Les familles chrétiennes sont prises entre deux feux, confinées chez elles et incapables d’échapper aux zones de conflit. La situation a suscité des craintes d’extermination potentielle pour ces communautés, en particulier à mesure que les groupes djihadistes prennent le contrôle de certaines zones. Alep accueille le plus grand nombre de catholiques de divers rites orientaux, ainsi que diverses confessions chrétiennes.
Les récentes prises de contrôle par les rebelles ont créé un calme précaire, avec des informations faisant état de la diminution des réserves alimentaires, de résidents se précipitant pour stocker des produits de première nécessité comme le pain, et de points de distribution s’épuisant rapidement. Les pénuries d’eau et les faibles réserves de carburant exacerbent les conditions, d’autant plus que l’hiver apporte des températures plus froides. De nombreux chrétiens et autres minorités religieuses restent chez eux par crainte, incertains quant à leur avenir sous la nouvelle occupation.
Les chefs religieux ont exprimé de vives inquiétudes. Un archevêque catholique syrien a déploré la souffrance des réfugiés fuyant la violence, avertissant que cela pourrait signaler « la fin de la grande histoire des chrétiens à Alep ». La ville est bouclée, empêchant l’accès extérieur et accentuant l’isolement. Des appels internationaux à la protection ont émergé, avec des personnalités comme le patriarcat arménien exhortant à une intervention mondiale pour sauvegarder les chrétiens syriens.

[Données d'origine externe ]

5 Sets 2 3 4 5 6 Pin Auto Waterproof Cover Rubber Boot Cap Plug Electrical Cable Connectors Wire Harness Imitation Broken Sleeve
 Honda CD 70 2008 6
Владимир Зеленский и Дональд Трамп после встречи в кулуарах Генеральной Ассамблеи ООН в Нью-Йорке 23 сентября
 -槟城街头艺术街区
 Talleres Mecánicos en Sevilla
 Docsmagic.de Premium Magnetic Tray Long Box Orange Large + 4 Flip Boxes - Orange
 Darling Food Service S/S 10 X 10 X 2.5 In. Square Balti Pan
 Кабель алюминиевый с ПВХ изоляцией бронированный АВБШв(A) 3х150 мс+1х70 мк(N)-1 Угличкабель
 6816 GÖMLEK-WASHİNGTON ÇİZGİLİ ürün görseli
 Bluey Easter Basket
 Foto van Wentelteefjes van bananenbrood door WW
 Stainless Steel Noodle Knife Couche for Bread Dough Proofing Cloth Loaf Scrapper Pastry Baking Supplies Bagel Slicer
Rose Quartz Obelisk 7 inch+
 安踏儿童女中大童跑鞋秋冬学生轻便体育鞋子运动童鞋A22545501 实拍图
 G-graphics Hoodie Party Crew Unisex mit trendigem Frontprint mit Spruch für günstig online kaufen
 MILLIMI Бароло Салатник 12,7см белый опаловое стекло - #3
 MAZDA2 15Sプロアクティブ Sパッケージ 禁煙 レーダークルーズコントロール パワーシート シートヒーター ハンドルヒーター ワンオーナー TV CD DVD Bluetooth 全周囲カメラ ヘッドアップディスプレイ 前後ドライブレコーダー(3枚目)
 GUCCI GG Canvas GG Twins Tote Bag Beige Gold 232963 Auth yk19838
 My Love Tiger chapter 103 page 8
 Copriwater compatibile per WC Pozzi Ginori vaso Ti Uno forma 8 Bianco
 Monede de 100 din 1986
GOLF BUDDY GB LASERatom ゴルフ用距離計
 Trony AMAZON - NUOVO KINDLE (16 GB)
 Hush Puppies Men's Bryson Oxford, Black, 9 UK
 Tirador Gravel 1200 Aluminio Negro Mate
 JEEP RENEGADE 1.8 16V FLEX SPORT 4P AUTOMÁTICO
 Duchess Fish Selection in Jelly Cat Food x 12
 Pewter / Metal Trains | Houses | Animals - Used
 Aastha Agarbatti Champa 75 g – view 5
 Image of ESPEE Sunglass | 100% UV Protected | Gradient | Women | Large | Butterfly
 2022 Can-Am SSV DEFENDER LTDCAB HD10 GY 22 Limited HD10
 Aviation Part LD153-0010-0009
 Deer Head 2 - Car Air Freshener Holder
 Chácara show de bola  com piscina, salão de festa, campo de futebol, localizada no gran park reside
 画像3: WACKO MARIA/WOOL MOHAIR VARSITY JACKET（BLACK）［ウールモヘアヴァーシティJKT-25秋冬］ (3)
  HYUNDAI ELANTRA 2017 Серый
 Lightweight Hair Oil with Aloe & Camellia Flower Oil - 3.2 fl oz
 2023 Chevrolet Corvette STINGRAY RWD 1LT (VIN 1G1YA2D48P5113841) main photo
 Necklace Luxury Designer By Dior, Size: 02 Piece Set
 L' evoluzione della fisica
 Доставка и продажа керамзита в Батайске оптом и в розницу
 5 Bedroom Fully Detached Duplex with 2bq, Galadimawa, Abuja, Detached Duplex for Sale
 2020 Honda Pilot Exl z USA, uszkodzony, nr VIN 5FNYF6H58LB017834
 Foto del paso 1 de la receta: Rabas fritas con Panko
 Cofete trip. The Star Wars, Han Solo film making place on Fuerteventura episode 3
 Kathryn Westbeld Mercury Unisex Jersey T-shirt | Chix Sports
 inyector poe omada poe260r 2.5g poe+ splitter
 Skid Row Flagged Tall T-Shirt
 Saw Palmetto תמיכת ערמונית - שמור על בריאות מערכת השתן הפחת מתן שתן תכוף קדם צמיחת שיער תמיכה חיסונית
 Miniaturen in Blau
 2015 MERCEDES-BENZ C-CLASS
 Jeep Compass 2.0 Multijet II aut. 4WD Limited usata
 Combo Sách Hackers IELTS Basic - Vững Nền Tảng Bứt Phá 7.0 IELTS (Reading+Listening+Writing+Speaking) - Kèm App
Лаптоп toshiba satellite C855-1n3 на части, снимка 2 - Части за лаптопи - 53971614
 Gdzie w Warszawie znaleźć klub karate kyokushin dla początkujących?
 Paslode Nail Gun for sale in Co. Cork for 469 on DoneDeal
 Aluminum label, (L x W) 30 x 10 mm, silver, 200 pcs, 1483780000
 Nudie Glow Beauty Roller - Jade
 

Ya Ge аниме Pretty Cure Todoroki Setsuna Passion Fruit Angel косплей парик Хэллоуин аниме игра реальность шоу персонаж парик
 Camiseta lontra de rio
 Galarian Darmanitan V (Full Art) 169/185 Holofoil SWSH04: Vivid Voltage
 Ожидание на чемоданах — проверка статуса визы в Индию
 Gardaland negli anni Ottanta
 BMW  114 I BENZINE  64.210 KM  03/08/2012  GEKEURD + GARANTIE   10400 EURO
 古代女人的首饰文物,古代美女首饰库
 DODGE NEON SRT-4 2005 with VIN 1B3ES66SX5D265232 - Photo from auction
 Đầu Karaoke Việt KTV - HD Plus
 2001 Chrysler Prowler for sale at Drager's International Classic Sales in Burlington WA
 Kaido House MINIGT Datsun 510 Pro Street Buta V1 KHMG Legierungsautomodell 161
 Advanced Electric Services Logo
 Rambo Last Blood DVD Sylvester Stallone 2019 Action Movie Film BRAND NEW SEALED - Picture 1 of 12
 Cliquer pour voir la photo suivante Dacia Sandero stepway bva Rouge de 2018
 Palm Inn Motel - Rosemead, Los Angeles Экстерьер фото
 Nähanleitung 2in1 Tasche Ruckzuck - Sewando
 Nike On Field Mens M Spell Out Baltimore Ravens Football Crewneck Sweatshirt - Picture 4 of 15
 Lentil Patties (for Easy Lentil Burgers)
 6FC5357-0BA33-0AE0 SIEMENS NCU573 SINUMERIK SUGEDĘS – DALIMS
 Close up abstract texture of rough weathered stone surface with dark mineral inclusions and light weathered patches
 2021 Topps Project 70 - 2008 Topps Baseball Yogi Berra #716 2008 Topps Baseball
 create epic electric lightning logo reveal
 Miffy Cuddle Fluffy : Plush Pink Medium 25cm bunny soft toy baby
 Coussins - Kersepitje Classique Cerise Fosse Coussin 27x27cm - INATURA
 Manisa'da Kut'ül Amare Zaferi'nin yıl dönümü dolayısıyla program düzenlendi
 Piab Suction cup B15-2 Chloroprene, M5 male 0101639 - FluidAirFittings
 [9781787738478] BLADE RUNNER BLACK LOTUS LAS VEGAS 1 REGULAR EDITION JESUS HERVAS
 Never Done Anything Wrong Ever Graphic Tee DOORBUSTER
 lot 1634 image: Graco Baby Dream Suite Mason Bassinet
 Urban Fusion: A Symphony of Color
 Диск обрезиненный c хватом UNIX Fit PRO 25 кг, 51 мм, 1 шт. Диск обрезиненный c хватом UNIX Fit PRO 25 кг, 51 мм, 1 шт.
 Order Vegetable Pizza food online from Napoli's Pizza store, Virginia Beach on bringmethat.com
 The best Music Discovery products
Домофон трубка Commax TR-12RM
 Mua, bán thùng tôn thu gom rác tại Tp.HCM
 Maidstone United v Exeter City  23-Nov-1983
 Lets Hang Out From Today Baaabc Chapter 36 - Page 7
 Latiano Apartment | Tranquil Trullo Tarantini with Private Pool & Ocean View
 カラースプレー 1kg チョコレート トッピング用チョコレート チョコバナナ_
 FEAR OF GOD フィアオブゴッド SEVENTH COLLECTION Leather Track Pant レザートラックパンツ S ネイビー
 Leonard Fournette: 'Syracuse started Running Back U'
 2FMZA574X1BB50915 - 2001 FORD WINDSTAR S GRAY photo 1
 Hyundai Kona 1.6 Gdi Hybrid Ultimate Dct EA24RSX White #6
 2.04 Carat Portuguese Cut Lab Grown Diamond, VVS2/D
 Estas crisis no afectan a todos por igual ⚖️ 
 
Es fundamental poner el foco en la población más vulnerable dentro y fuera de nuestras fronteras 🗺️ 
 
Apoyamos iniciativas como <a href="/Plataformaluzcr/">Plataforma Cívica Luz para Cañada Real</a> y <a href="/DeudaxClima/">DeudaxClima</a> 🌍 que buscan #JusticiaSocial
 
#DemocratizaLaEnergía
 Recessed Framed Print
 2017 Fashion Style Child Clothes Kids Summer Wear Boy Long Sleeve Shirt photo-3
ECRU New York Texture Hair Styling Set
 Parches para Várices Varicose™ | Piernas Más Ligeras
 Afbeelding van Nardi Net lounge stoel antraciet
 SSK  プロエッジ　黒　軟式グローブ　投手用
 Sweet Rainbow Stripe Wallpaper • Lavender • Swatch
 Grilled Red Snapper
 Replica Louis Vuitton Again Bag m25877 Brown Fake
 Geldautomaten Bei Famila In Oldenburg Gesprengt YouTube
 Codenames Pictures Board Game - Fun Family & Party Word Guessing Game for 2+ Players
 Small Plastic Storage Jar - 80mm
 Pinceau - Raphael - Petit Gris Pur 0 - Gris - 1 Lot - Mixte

Le Premier ministre hongrois, Viktor Orbán, a récemment accueilli un patriarche syrien pour discuter des menaces qui pèsent sur les minorités religieuses dans la région. Les organisations humanitaires et les groupes de défense des chrétiens soulignent le besoin urgent d’aide humanitaire et d’efforts diplomatiques pour prévenir de nouveaux déplacements ou pertes de vies dans ce bastion chrétien historique.